# What is required
Each line from the one with "Room (Corelia) - Photo 3" through the end of the records below should be transcribed exactly, and each picture should be skipped.

---- Data for analysis

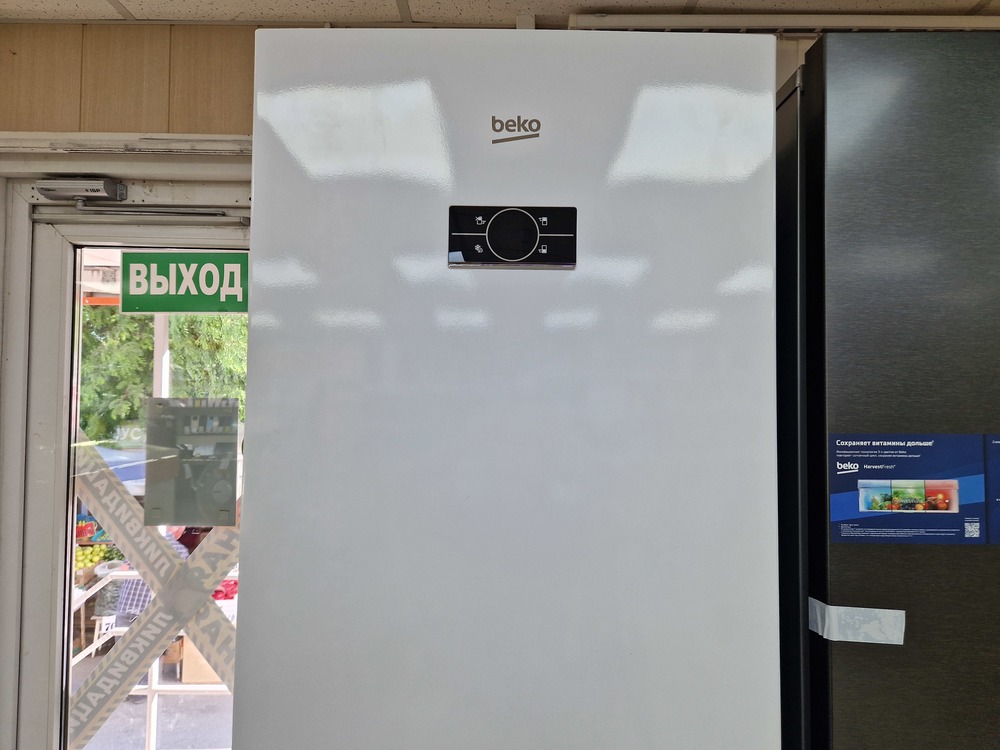 Холодильник Beko B3DRCNK402HXBR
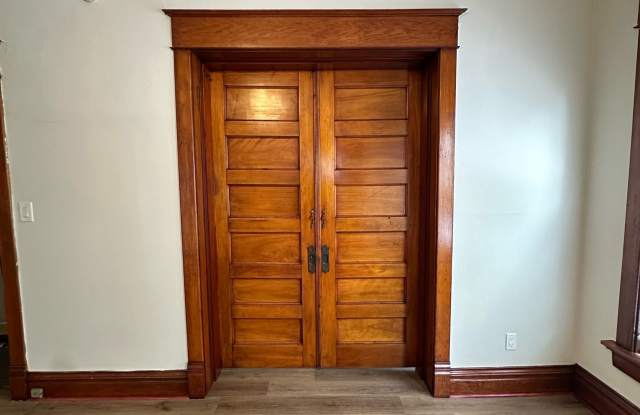 611 1st Avenue - A photos photos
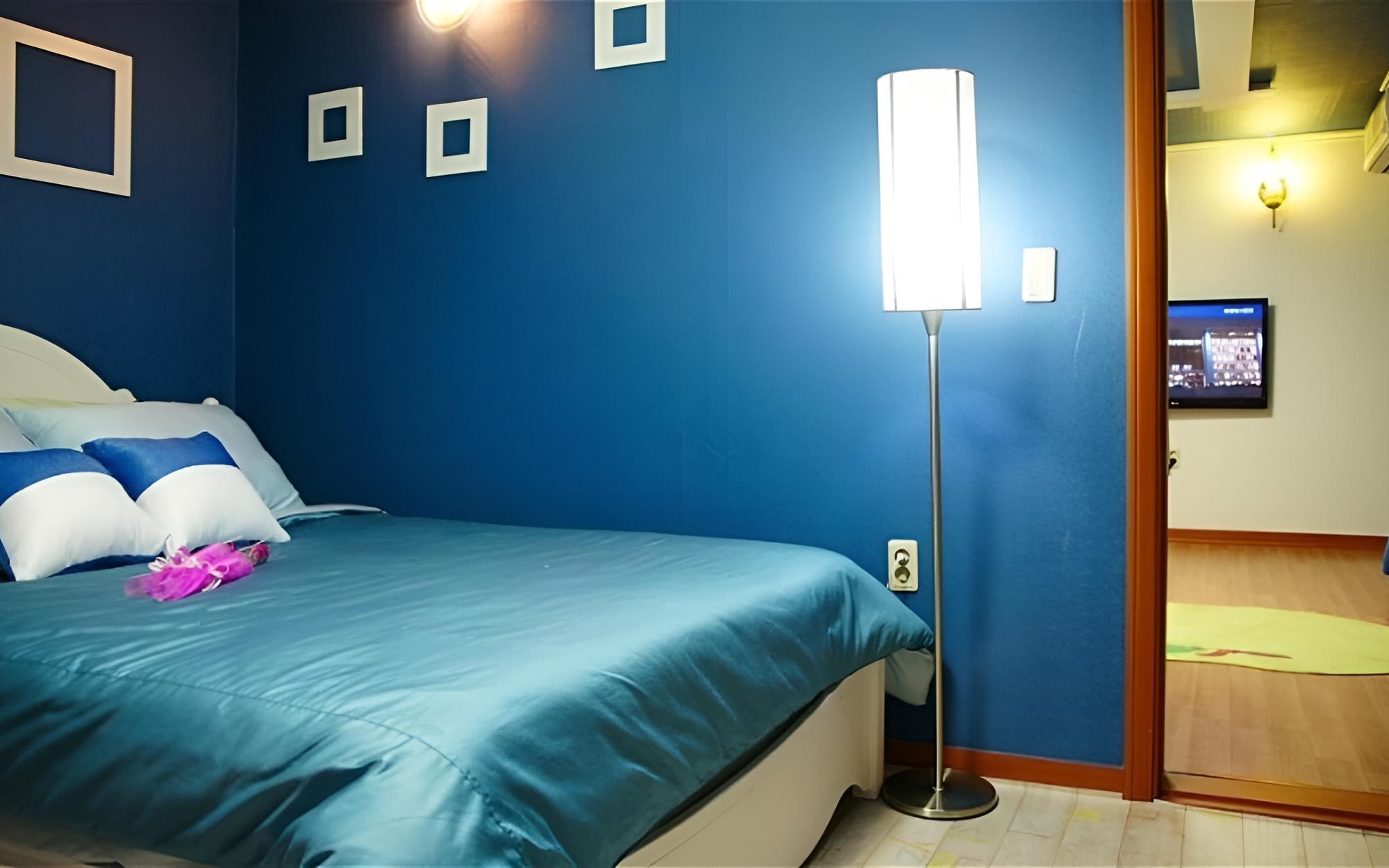 Room (Corelia) - Photo 3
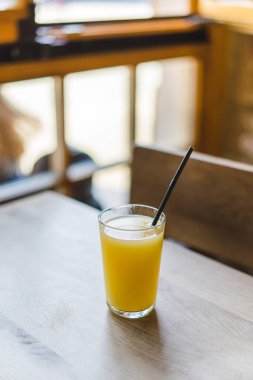 Kahve için bir bardak taze portakal suyu.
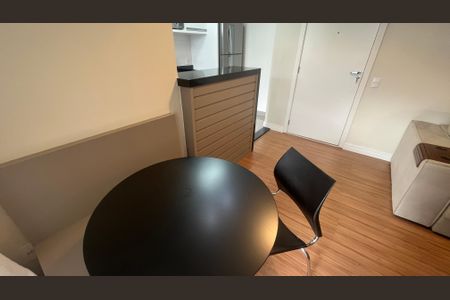 Sala de apartamento à venda com 2 quartos, 57m² em Fazenda Santa Cândida, Campinas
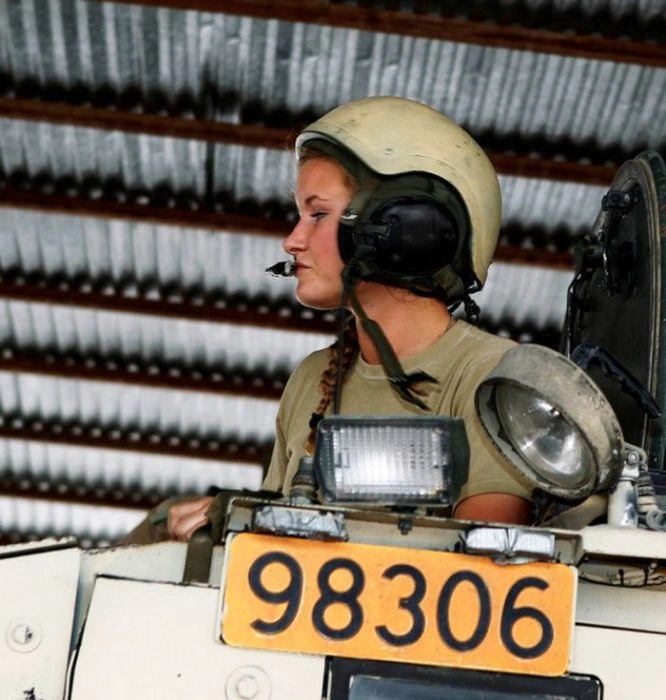 Норвезькі дівчата на службі в армії (45 фото) – фото 22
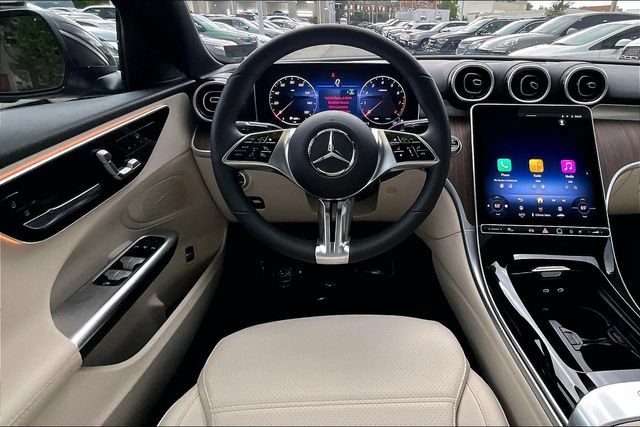 Used 2026 Mercedes-Benz C 300 4MATIC Sedan image 4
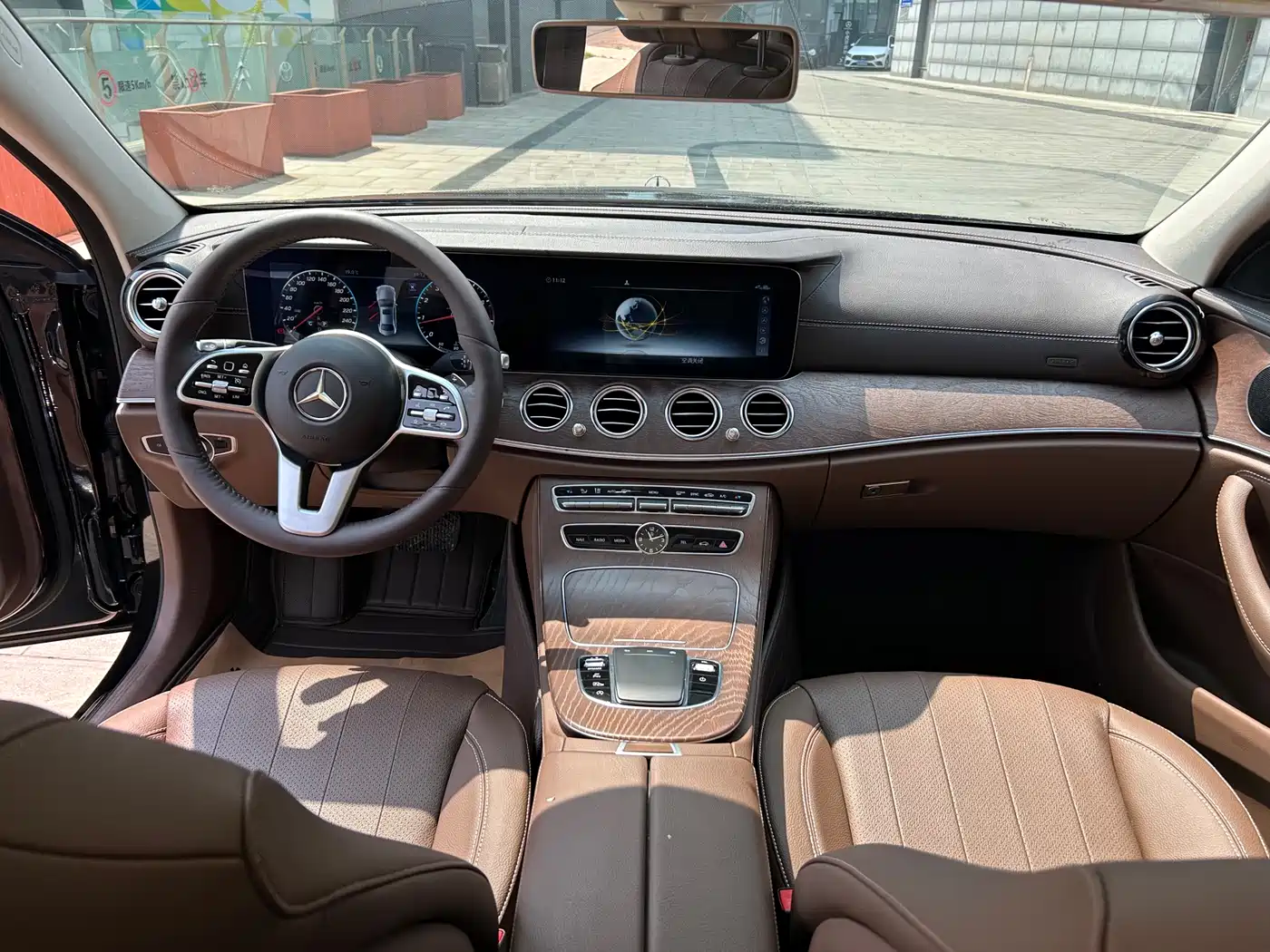 Mercedes-Benz E-Class 2020 E 300 L Fashion фото 6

--------

# The completed task
 Room (Corelia) - Photo 3
 Kahve için bir bardak taze portakal suyu.
 Sala de apartamento à venda com 2 quartos, 57m² em Fazenda Santa Cândida, Campinas
 Норвезькі дівчата на службі в армії (45 фото) – фото 22
 Used 2026 Mercedes-Benz C 300 4MATIC Sedan image 4
 Mercedes-Benz E-Class 2020 E 300 L Fashion фото 6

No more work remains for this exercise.